ACTIVITY :: Omit the pictures, then reproduce exactly the line bearing "Imagem Apartamento com" and every line after it up to and including the last line of the entries below.

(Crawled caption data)
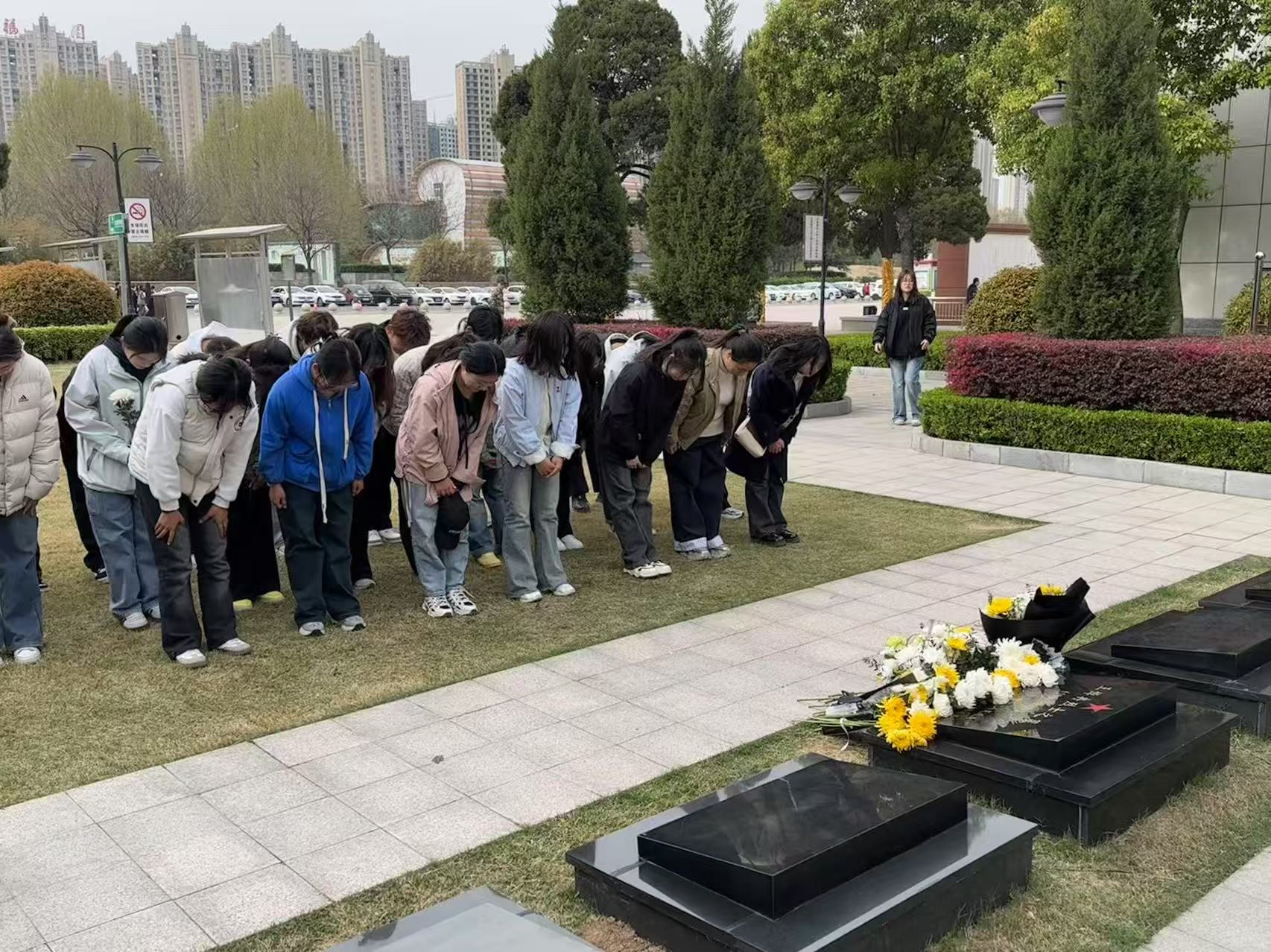 图片30.png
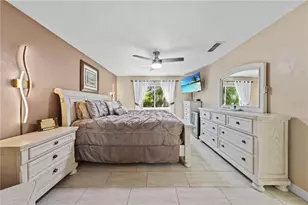283 Chestnut Ave, Orange City, FL 32763 - Photo 41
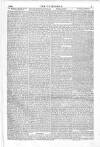 Weekly True Sun Sunday 08 November 1840 Page 7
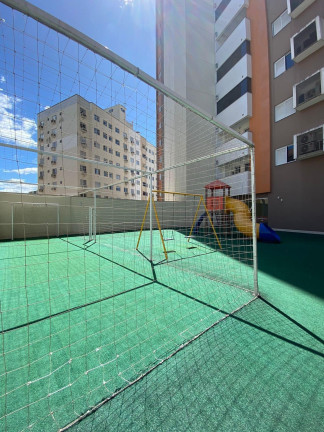 Imagem Apartamento com 3 Quartos à Venda, 94 m² em Centro - Criciúma
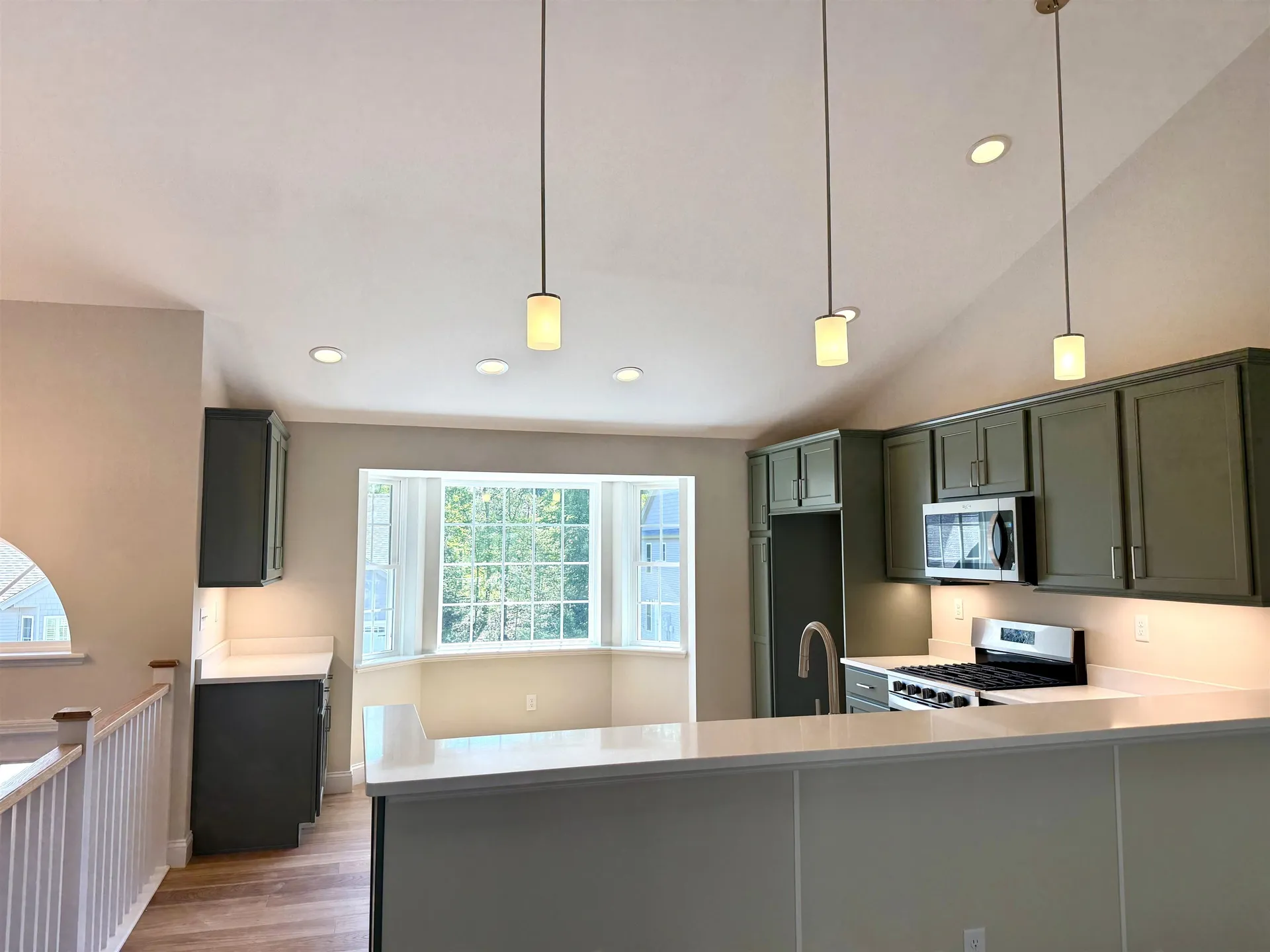 62B Sunset Ridge Road Epping NH 03042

TASK RESPONSE ::
 Imagem Apartamento com 3 Quartos à Venda, 94 m² em Centro - Criciúma
 62B Sunset Ridge Road Epping NH 03042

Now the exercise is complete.